Gillespie had quite a roller-coaster life, starting from her early teens when she used to sneak off to blues clubs every night, unknown to her parents. "I used to just sit and absorb these extraordinary black artists. The first female artiste I listened to was Bessie Smith, who sang about love and sex and situations to do with emotions. I was too young to understand some of her lyrics but she was probably my main influence in the early days," Gillespie recalls. She had decided at the ripe old age of 11 that she wanted to be a songwriter, having scribbled her first song then, and declared as much to her mother. "She probably just wanted me to marry someone rich and have a normal life," the 65-year-old laughs. "But by 15, I was already on the road and there was no turning back."
She began by singing folk because she felt her voice was not strong enough for the blues, a genre which she says requires life's experiences.

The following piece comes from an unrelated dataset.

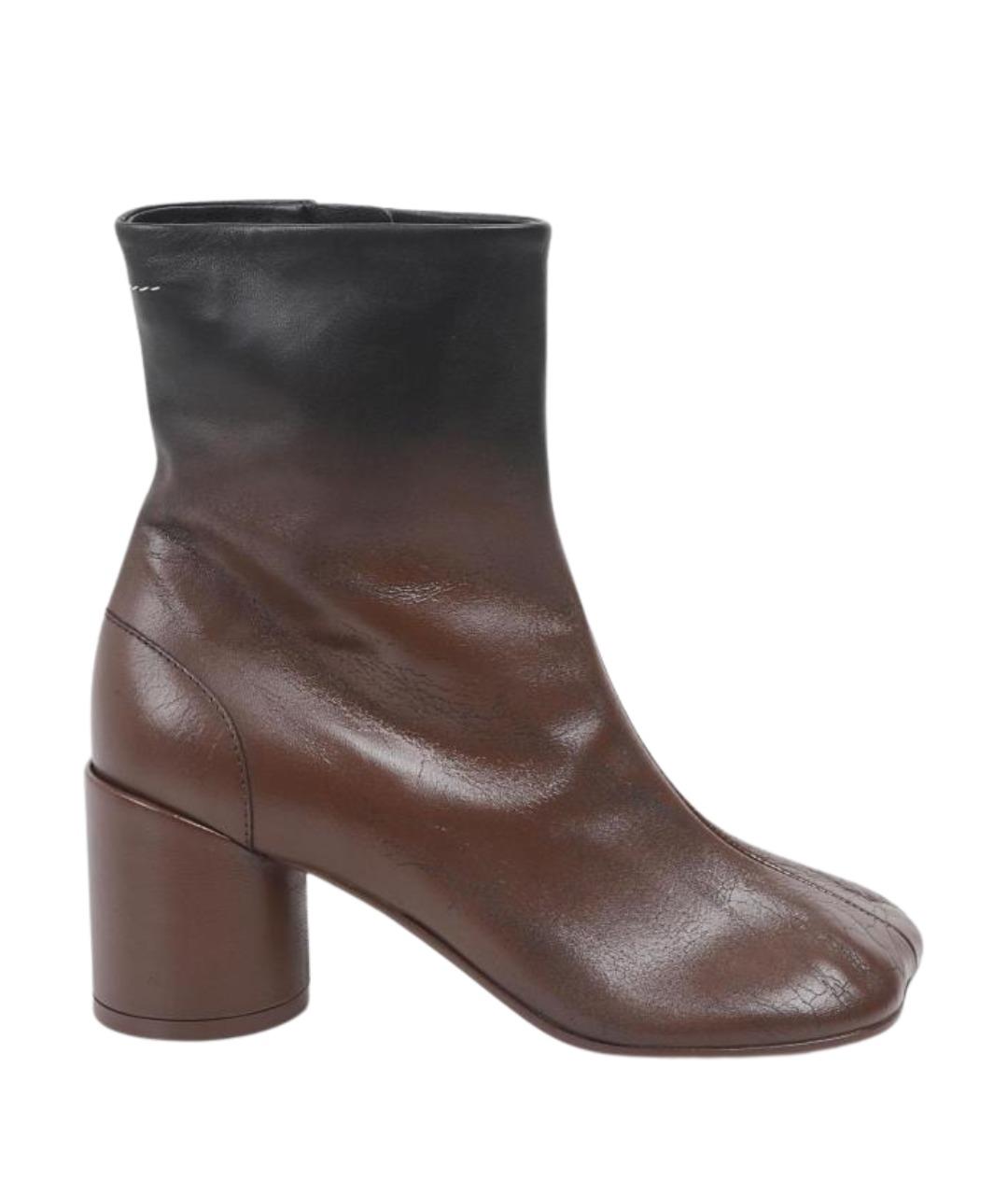 MM6 MAISON MARGIELA Черные кожаные полусапоги, фото 1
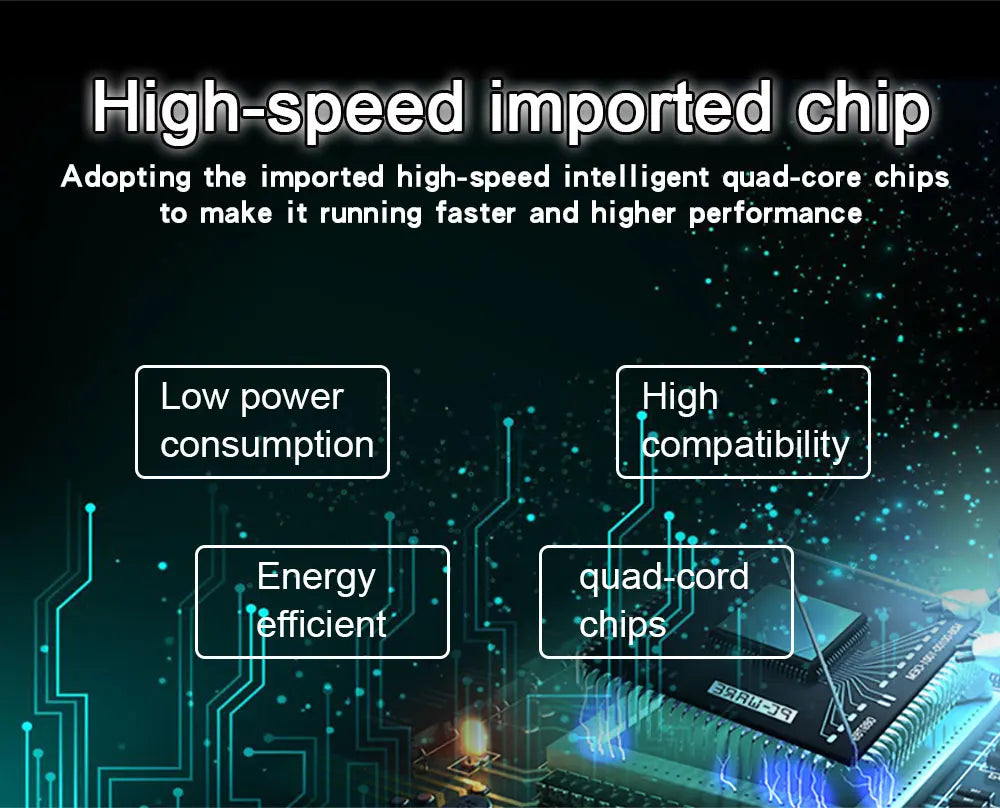 The Geyiren Q5 HUD features a high-speed imported chip with a quad-core processor for fast performance, using low-power chips for compatibility.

Gillespie went on to star in a few musicals on Westend, the most memorable being her role as Mary Magdalene in the hit Andrew Lloyd Webber-Tim Rice rock opera, Jesus Christ Superstar. "I did about five years of musicals and then I did a series of pretty dubious films," she says. "So I've always gone back to the blues." She is equally candid about holding her own in an industry which, in those days, did not have many women. "Because I was a female in a business where there were few others and I looked pretty good - there are all sorts of pictures from when I was 15 or 16 with plunging necklines because that was what one wore those days - I was able to get by with a lot of nerve. I would strum my guitar and hope people would listen to the songs I wrote."
Gillespie is not just a singer and songwriter of the blues but also a passionate ambassador of the genre, which traces its roots to the slaves who toiled in the cotton fields of America and who found solace in the music at the end of a long hard day. "Blues is the mother of all Western music. You wouldn't have jazz or funk or pop if you didn't have blues first," she says.
The artiste, who first came to India over 30 years ago, says she has noticed in the past few years that more people in India are "becoming a bit wise to the blues." Her India connection, she says, was forged even before her first trip, from when she used to go with Jimmy Page to listen to every Indian concert that came to town, like the early tours of Ravi Shankar. She has made several trips subsequently, particularly after becoming a devotee of the late Sai Baba, including a 11-city, 22-day tour of India with her band, the London Blues Band. "Wherever we went, people got up and danced!" she says.
While Gillespie says she does not have any regrets about her life she does wish more people would join the legion of blues fans. "I'd just like more people to be more aware of the blues - I feel people who don't know about it are missing out on a really good musical genre," she says.